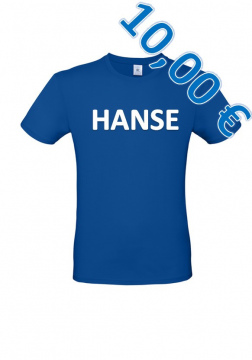 HANSE Fan-Shirt blau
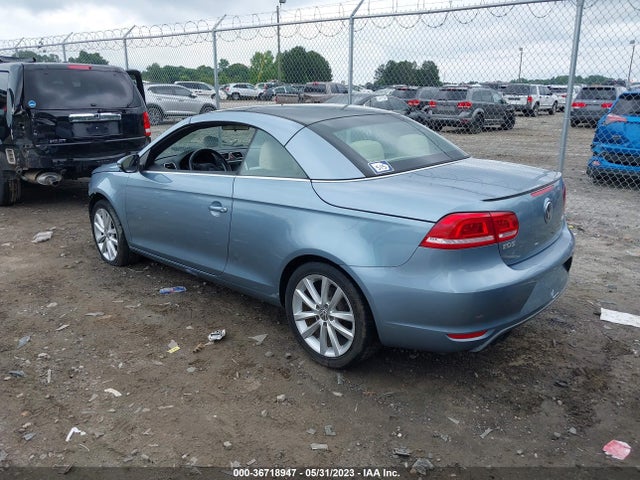 2014 Volkswagen Eos, VIN: WVWBW8AH1EV003977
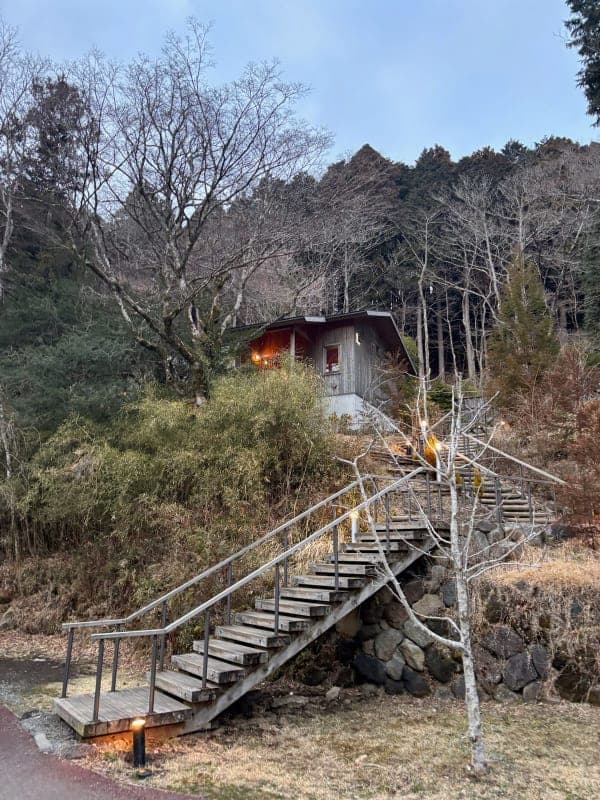 Hakone Villa Retreat — Afternoon with Private Onsen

------

*Task brief*:
Extract the full listing exactly, with the pictures left out.

*Answer box*:
 HANSE Fan-Shirt blau
 2014 Volkswagen Eos, VIN: WVWBW8AH1EV003977
 Hakone Villa Retreat — Afternoon with Private Onsen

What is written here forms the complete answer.